◆ **ABOUT THIS TASK**:
Show every line in the records below that contains the word "Bracelet".

◆ **GIVEN DATA**:
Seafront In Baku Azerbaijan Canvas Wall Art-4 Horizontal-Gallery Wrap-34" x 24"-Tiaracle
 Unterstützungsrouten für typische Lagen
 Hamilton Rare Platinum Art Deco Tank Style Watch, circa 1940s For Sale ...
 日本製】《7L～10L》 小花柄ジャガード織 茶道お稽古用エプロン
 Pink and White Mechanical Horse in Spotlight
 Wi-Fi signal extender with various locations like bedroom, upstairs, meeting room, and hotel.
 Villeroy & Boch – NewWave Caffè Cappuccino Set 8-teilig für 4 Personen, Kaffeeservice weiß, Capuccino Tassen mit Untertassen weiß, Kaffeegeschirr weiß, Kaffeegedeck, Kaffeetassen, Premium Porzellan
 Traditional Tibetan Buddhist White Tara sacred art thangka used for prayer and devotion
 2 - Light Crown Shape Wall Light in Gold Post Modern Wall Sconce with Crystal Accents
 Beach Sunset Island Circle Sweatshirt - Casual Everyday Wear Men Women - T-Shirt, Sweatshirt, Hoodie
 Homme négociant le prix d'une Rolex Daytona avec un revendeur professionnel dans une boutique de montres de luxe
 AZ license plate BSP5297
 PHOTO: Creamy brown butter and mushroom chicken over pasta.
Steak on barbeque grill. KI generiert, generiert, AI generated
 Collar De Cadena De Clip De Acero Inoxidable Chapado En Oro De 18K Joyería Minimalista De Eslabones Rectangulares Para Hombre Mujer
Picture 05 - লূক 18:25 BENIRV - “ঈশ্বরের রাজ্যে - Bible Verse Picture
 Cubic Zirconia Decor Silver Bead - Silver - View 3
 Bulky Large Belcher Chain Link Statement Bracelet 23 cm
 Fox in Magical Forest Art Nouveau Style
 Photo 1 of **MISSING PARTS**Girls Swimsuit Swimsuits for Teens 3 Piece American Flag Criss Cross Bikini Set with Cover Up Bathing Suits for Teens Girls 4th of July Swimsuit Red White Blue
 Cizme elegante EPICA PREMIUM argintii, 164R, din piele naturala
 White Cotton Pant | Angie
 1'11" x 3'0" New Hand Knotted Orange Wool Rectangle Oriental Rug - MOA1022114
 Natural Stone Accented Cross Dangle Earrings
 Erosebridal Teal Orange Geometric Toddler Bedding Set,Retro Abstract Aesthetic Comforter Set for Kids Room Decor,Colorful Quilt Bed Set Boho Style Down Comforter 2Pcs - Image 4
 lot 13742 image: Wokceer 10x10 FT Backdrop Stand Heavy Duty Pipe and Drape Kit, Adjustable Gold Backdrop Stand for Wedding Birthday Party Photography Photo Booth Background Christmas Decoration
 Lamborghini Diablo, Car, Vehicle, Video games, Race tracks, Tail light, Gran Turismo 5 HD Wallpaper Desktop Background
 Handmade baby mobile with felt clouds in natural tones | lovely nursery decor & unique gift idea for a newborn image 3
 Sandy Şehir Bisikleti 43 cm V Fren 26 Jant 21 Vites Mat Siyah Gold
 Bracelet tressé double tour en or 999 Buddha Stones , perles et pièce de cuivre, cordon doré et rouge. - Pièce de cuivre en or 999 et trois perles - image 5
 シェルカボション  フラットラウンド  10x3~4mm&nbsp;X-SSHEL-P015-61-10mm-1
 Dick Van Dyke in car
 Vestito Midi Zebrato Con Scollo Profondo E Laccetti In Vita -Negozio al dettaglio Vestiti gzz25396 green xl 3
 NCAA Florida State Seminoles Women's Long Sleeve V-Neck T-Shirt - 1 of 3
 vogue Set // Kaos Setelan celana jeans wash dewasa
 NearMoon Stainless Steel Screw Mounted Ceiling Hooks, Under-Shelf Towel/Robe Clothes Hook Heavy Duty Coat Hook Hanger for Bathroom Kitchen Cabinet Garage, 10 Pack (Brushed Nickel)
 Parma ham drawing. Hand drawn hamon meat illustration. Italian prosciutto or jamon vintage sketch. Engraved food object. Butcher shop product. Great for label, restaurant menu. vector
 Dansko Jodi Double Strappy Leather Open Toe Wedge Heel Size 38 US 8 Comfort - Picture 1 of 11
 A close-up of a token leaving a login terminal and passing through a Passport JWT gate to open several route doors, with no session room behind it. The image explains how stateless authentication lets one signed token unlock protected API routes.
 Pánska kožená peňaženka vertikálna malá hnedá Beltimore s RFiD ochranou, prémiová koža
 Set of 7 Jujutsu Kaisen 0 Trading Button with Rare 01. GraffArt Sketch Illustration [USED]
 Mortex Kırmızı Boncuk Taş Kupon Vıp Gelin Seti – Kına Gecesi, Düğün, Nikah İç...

◆ **OUTPUT**:
 Bulky Large Belcher Chain Link Statement Bracelet 23 cm
 Bracelet tressé double tour en or 999 Buddha Stones , perles et pièce de cuivre, cordon doré et rouge. - Pièce de cuivre en or 999 et trois perles - image 5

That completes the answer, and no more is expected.